In 1999, Sugata Mitra’s pioneering “Hole in the Wall” experiments helped bring the potential of self-organized learning to the public’s attention. Research since then has continued to support his startling conclusion that groups of children, with access to the Internet, can learn almost anything by themselves.

From the slums of India and villages of Cambodia, to schools in Chile, Argentina, Uruguay, the USA and United Kingdom, Professor Mitra’s experimental results offer an intriguing new future for learning: a future in which ‘knowing’ may be obsolete.

His innovative and bold efforts towards advancing learning for children all over the world earned him the first ever $1m TED Prize award. At the 2013 TED conference, Sugata asked the global TED community to make his dream a reality by helping him build the ultimate School in the Cloud where children, no matter how rich or poor, can engage and connect with information and mentoring online.

In December 2013, the first School in the Cloud lab — located inside a high school in Killingworth, England — opened its doors to students. Seven more labs have since been opened as part of his wish; five in India, one more in the UK and in New York, USA. The labs aim to provide an environment where a global community of educators can observe the impact of self-organized learning on children from a wide range of educational backgrounds.

The School in the Cloud

The School in the Cloud platform was originally launched at the 2014 TED conference to help accelerate this research by helping educators — be they teachers, parents or community leaders — to run their own SOLEs and to contribute to the global experiment by sharing their experiences with others.
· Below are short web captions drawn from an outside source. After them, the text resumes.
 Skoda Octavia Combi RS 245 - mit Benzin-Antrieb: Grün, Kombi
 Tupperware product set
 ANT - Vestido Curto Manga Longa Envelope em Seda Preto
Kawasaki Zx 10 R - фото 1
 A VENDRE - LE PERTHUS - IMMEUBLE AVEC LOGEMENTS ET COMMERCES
It is now managed by SOLE Central at Newcastle University, a global hub for SOLE research and practice directed by Sugata Mitra.

What is a SOLE?

A Self-Organised Learning Environment, or SOLE, can exist anywhere there is a computer, Internet connection, and students who are ready to learn. Within a SOLE students are given the freedom to learn collaboratively using the internet. An educator poses a Big Question and students form small groups to find an answer.
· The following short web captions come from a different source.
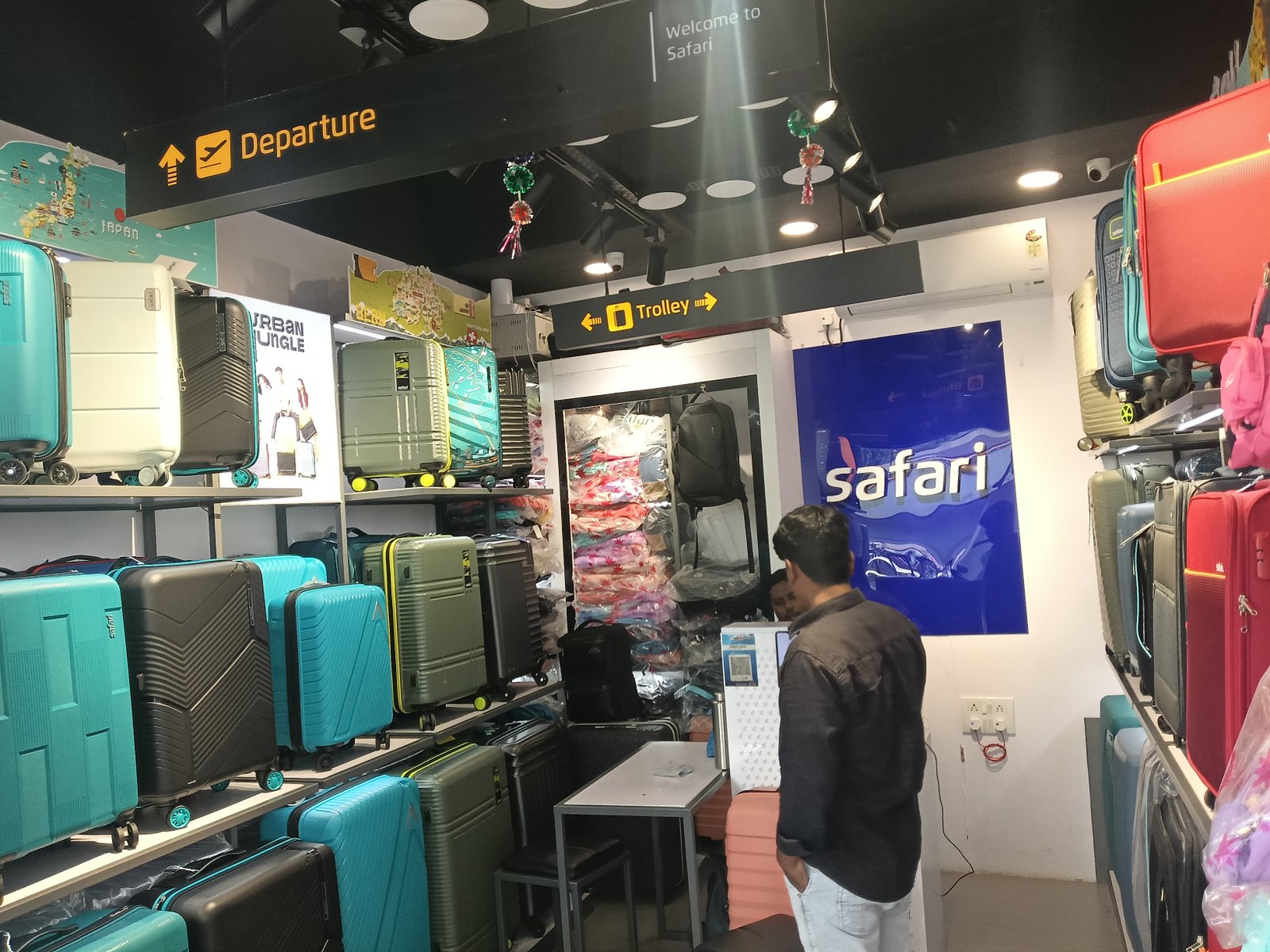 Ground floor commercial space for rent in hitech City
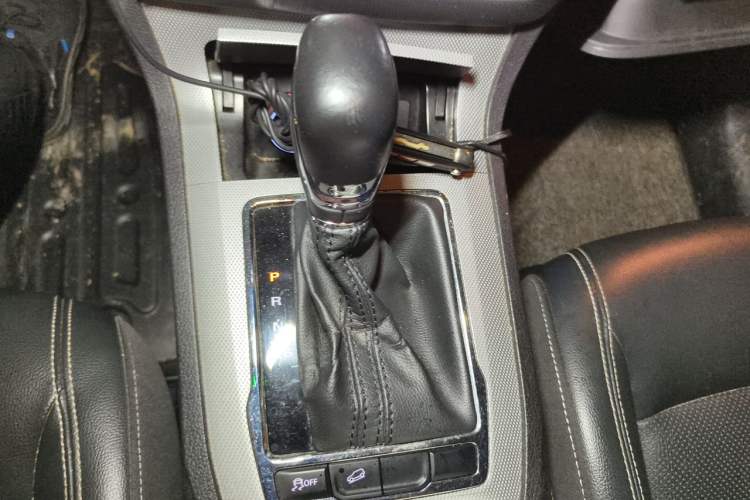 Used Roewe RX5 2019 20T Two-Wheel Drive Automatic 4G Connected Platinum Edition Gear Lever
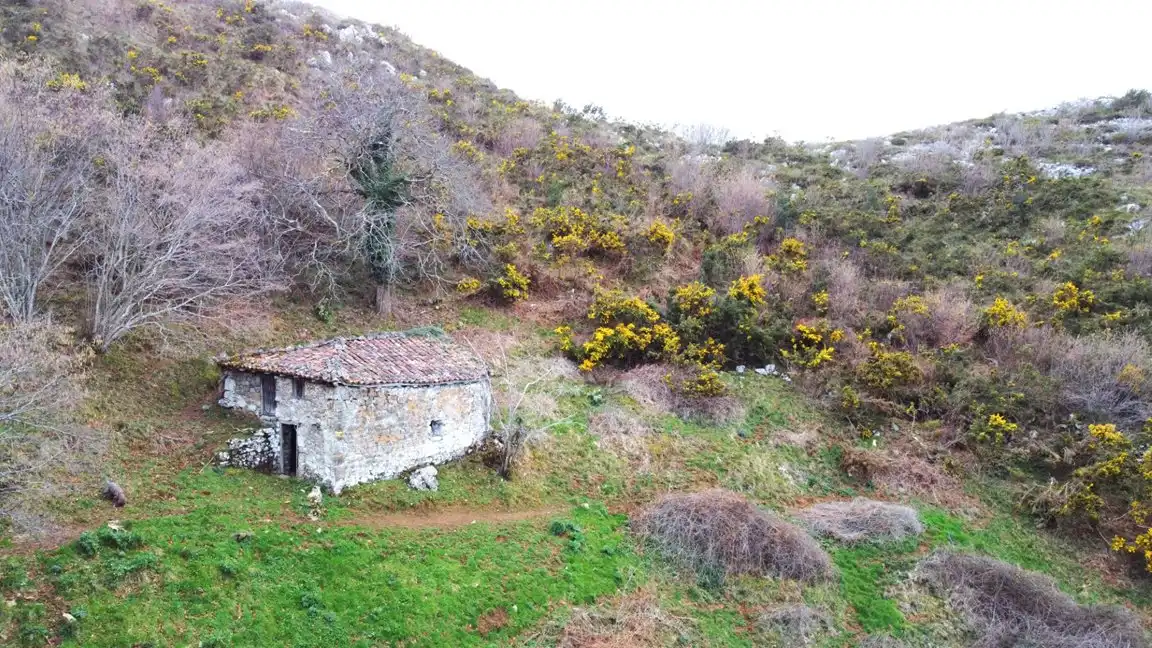 Finca rústica en venda en Parres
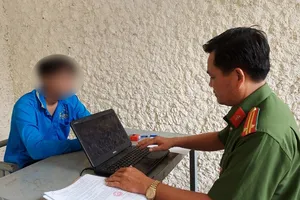 Thiếu niên 17 tuổi chuyển khoản 63.000 đồng để cướp 63 triệu đồng ở tiệm vàng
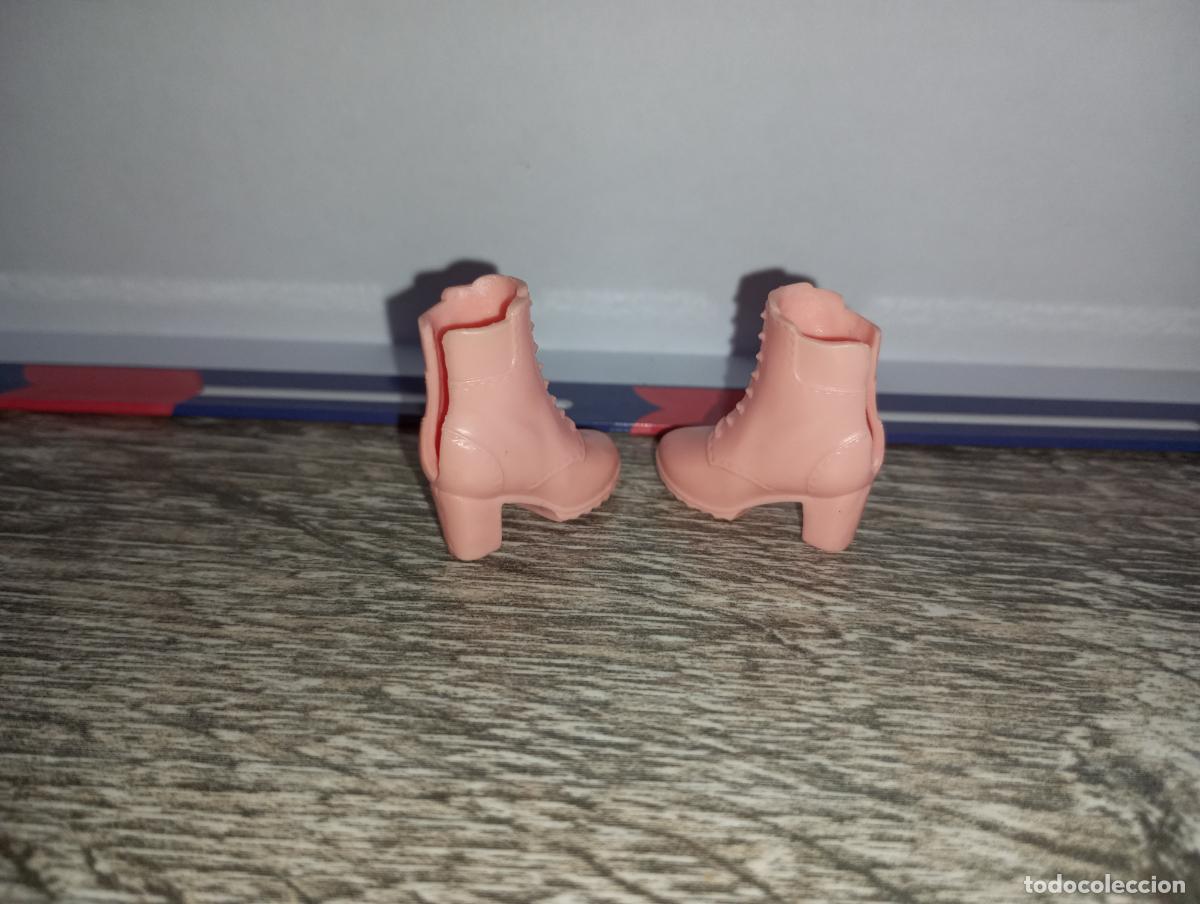 Barbie y Ken: zapatos botas de mu&ntilde;eca Barbie - Foto 3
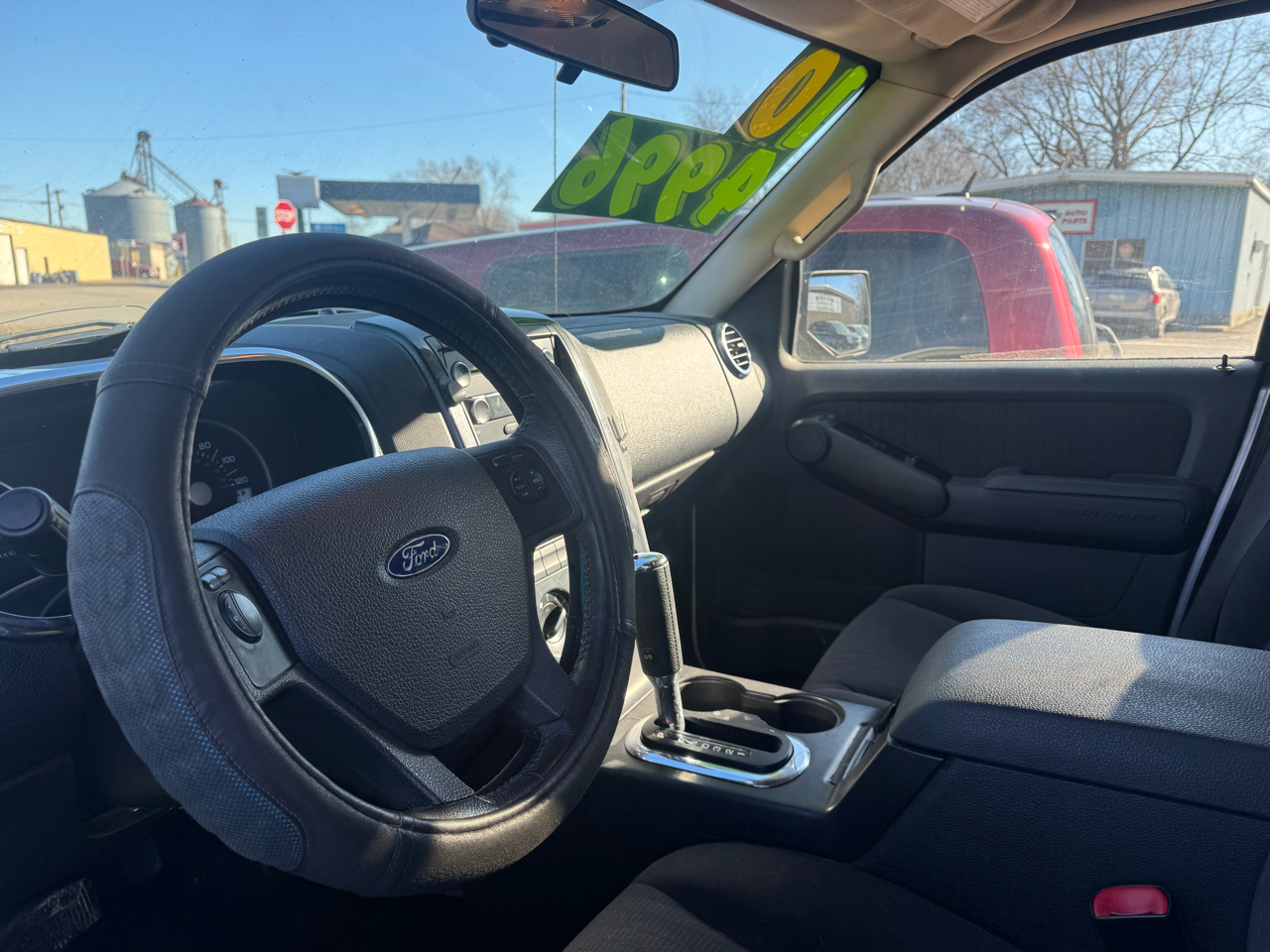 Ford Explorer 4WD 4dr XLT 2010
During a SOLE session students are free to move around, change groups and share information at any time. Towards the end of a session they have the opportunity to share what they learned with the whole group. SOLE sessions are characterised by discovery, sharing, spontaneity and limited teacher intervention.

What is the Granny Cloud?

The Granny Cloud is a fluid team of e-mediators, young and old, both male and female from all over the globe. They reach out via Skype to children in SOLEs in locations as diverse as the Indian jungle to the far north of Greenland. Currently, The Granny Cloud consists of over 100 active volunteers. Their main role is to interact with groups of children in regular or one off sessions. This could involve stories, craft activities, songs, exploring the Internet together, quizzes and discussions.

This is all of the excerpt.